以下の内容は、価値提供ではなく、価値観表明です。あなたに何か押し付ける気持ちは微塵もありません。不要だと思われるなら、どうぞスルーしてくださいませ。
AIの大躍進化
AIの大躍進化が止まりません。最新モデルが公開される度に、「人間の仕事はどうなるのか」「自分の価値は残るのか」という問いが、以前よりも現実味を帯びて迫ってきています。あなたにおいてはいかがでしょうか?
この問いに対して、世には大きく2つの反応があります。
1 「AIは脅威だ。だから急いで学ばなければならない」という焦り。
2 「AIは便利な道具だ。うまく使えばいい」という楽観。
私には、どちらも本質を避けているように感じています。あまりにもったいない。
AIが奪っているもの
結論。AIが奪っているものは、価値ではありません。AIが奪っているのは、これまで私たち人間が「価値だと思い込んできたもの」。細かいかもしれませんが、決定的な違いです。
・知識を多く持っていること
・速く、正確に作業できること
・正解を出せること
・最適な選択肢を提示できること
これらは長い間、「専門性」「能力」「市場価値」と称されてきました。今、AIはそれらを人間よりも速く、安く、安定してこなしています。これは敗北ではありません。役割終了の節目。
昭和初期の時代、電話交換手という職業がありました。電話が直通できるようになったので廃業へ。鉄道会社の切符切り担当者も、Suicaの開発以降、廃業に至りました。
評価制度の転換期
これまで多くの皆さんは、「何ができるか/持っているか(DoやHave)」で自らの居場所を作ってきました。だからこそ
・自分より速い存在
・自分より正確な存在
・自分より知っている存在
が現れると、不安になります。いったん距離を置き冷静に考えれば、それは人間の価値自体ではなく、価値を証明するために使ってきた手段です。AIは、その手段を不要にしただけ。あらゆる評価制度は、世界規模で根本的に変わらざるを得なくなります。
なぜなら、誰がやっても同じような成果を出せてしまうからです。現行の評価制度は、ほぼ機能しなくなりつつあります。
AIにできないたった1つ
AIにできないこととは何でしょうか?
創造性?感情?倫理?どれも部分的には、すでにAIは触れ始めています。どうしても越えられない一点。それは決めること。
AIは選択肢を出す。
AIは最適解を示す。
AIは結果を予測する。
しかしーーー
・それでも「これ」を選ぶ理由
・損をしてでも、やる覚悟
・失敗しても、引き受ける決断
これだけは、AIには生成できないのです。私はマンガによって多くを学んできた自負があります。例えばーーー。

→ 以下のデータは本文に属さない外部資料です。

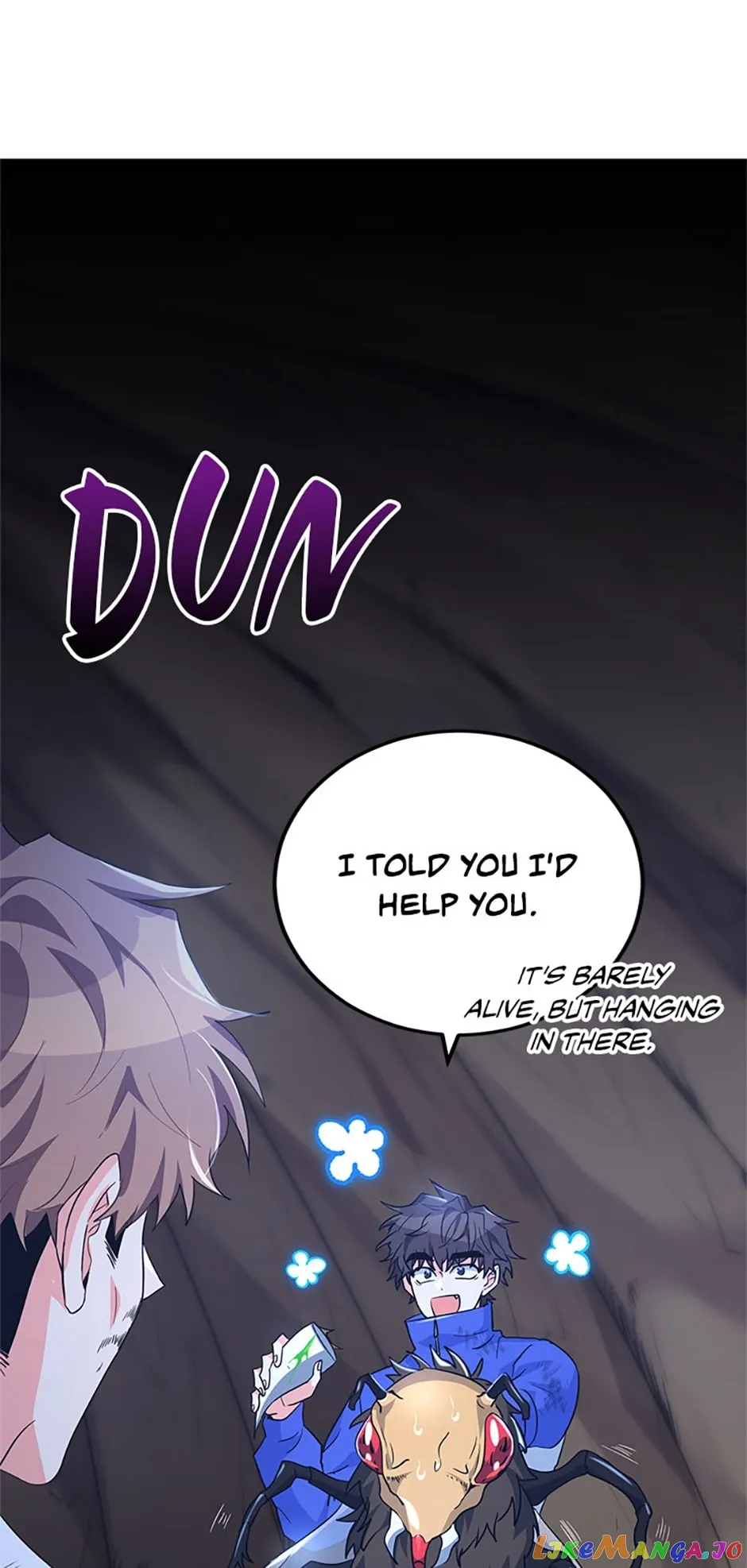 I’m the Main Character’s Little Sister chapter 34.2 page 71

総合格闘技の試合において、長時間持ち堪えきれない主人公。相手も弱点を見抜きます。結果、消耗戦に持ち込まれます。
それでも主人公は、ある「理由」によって限界を越えます。自分が勝ったら、手術を恐れている男の子が勇気を出して手術を受けると約束していたからです。限界を超えていくプロセス描写が見事で、感動し涙がこみ上げてきました。

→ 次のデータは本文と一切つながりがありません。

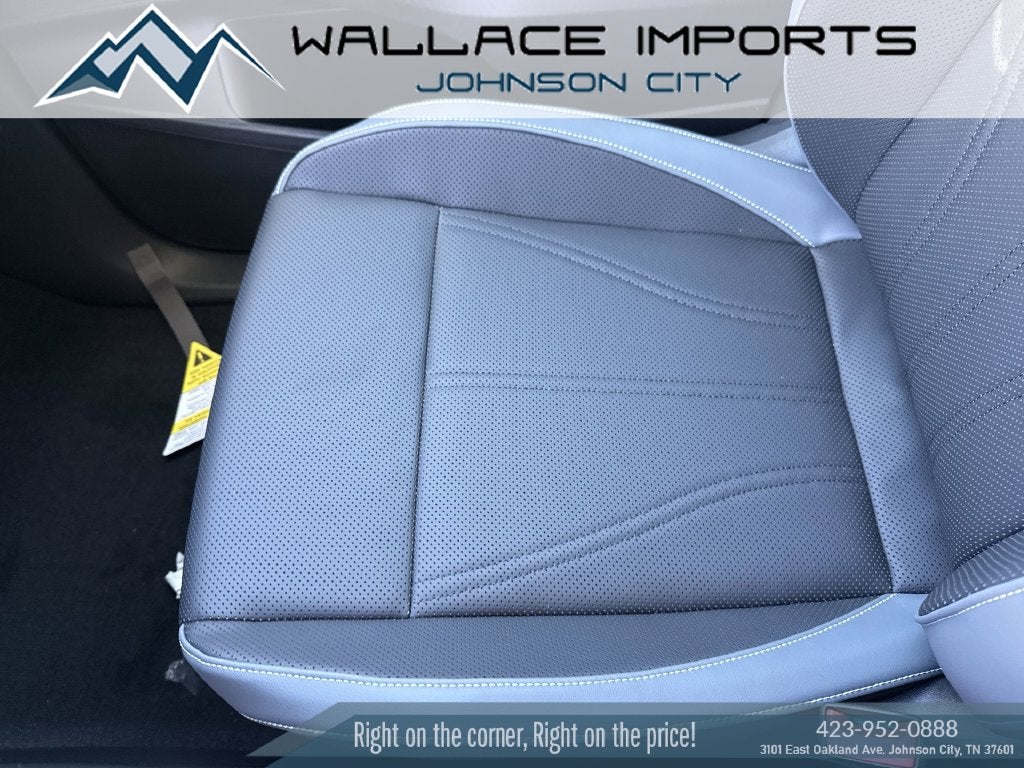 2027 Volkswagen Atlas SE w/Technology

勝てそうにない強敵に立ち向かい、相手に「完敗だった」と言わせる。能力そのものではありません。引き受けた理由が、人生の枠を深め広げ得るのです。
人間の本来の価値
AI時代において、人間に残る仕事は何でしょうか?それは書くことでも、売ることでも、分析することでもありません。決めることが、なぜ重要なのでしょうか?
・何を大切にするのか
・どこまでをAIに任せるのか
・何を自分の人生として引き受けるのか
この「決める」という行為には、「50.1:49.9」のような僅差な場合だって起こり得ます。必ず責任と覚悟が伴うのです。だからこそ、人間にしか、あなたにしかできません。

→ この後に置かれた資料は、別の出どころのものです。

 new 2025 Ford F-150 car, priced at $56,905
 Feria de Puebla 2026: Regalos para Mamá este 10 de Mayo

だからこそ、これからの時代は決断力と胆力(決めたことを正解にする力)だとみなしています。あなたの人生において、あなた以外の誰かに主導権を渡してはなりません。AIや他人がいかに素晴らしかろうとも、あなたの人生を華やかに劇的に魅せるための脇役なのです。
AIは鏡
AIの進化によって、快適さが格段に増します。便利で簡略化される分、言い逃れが厳しくなります。「できなかった」「時間がなかった」「調べられなかった」そうした理由は、すべてAIが肩代わりできるから。残る問いは、ただ1つ。
いったいあなたは何をどう生きたいのか?
繰り返します。AIは人間の価値を奪いません。価値だと思っていた幻想を剥がします。だから怖いのです。AIが映しているのは未来ではなく、あなたご自身の鏡であり「心の空白」なのかもしれません。
その空白を、表面的な恐怖や妥協で埋めるのか?他人の答えで埋めるのか?内から湧き出てきたあなたご自身の言葉で埋めるのか?
AI時代とは、人間がもう一度「自分の人生を選び改める」時代なのです。